Data shown.
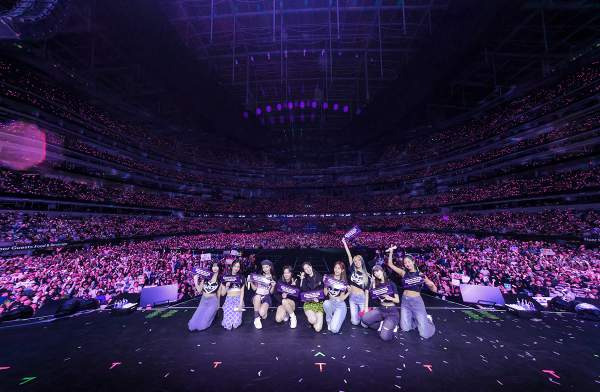 트와이스 북미 투어 55만 관객 돌파! K-팝 걸그룹 역대 최다 기록 및 일본 국립경기장 최초 입성 총정리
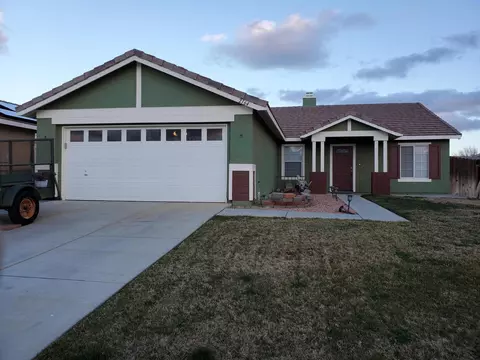 2164 Kenyon Ct, Rosamond, CA 93560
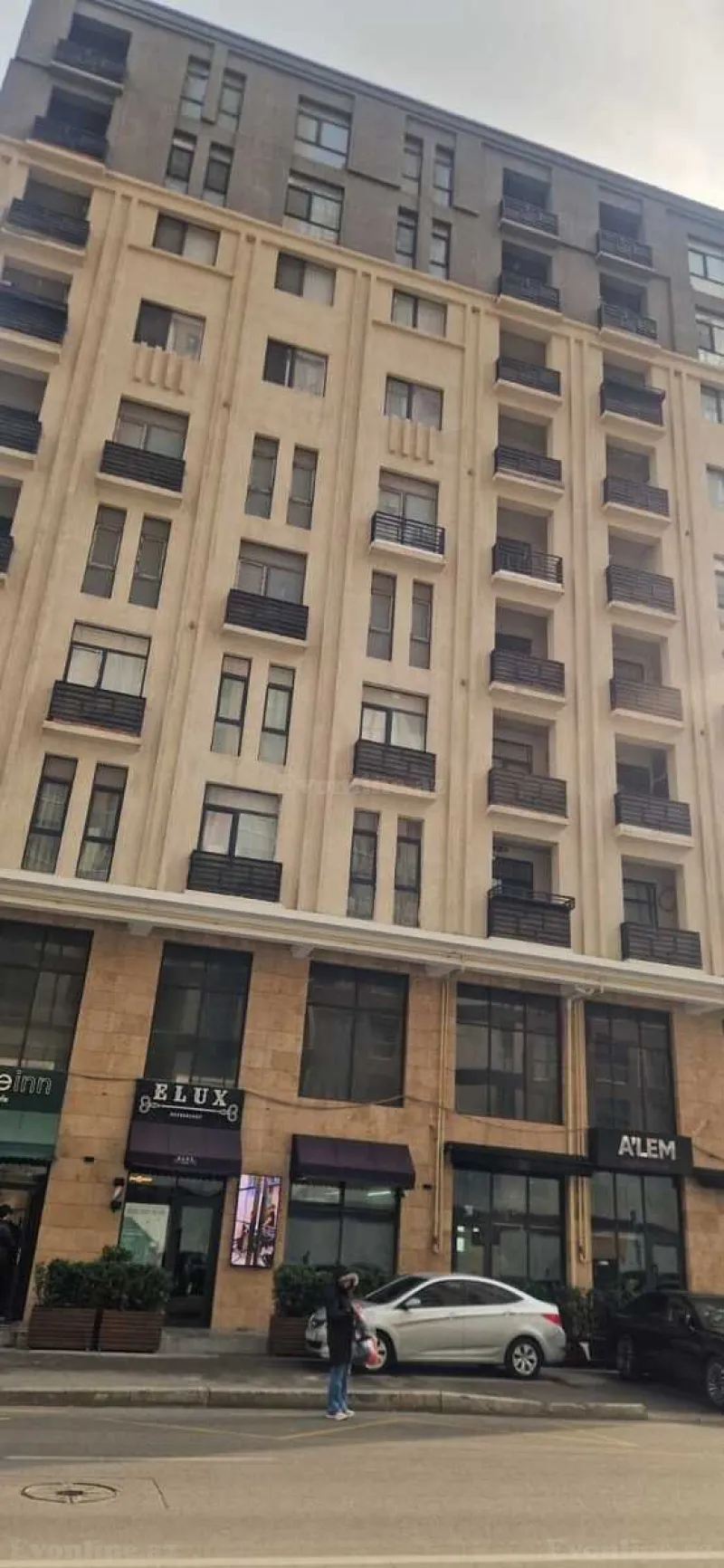 Satılır 4 otaqlı Mənzil Yeni tikili 184 m² Nəsimi r.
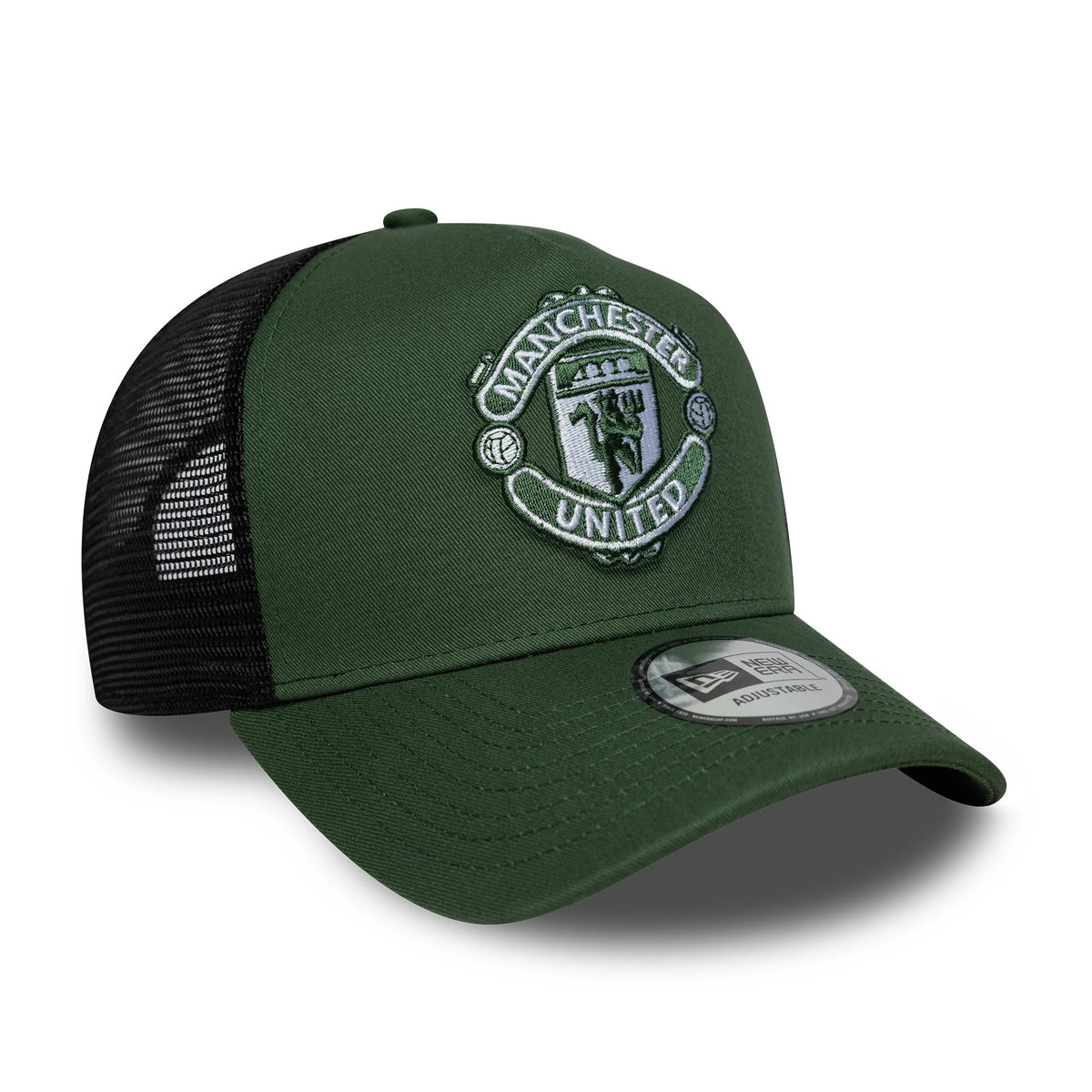 Manchester United FC Dark Green New Era 9FORTY A-Frame Trucker Adjustable Cap, front view showing the embroidered team crest on the structured green front panel, black mesh back panels, and the 9FORTY size sticker on the curved visor.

Problem statement. Without the pictures, retype exactly the lines from the one that holds "Satılır 4 otaqlı" to the last line of the data above, both of them included.

Answer section.
 Satılır 4 otaqlı Mənzil Yeni tikili 184 m² Nəsimi r.
 Manchester United FC Dark Green New Era 9FORTY A-Frame Trucker Adjustable Cap, front view showing the embroidered team crest on the structured green front panel, black mesh back panels, and the 9FORTY size sticker on the curved visor.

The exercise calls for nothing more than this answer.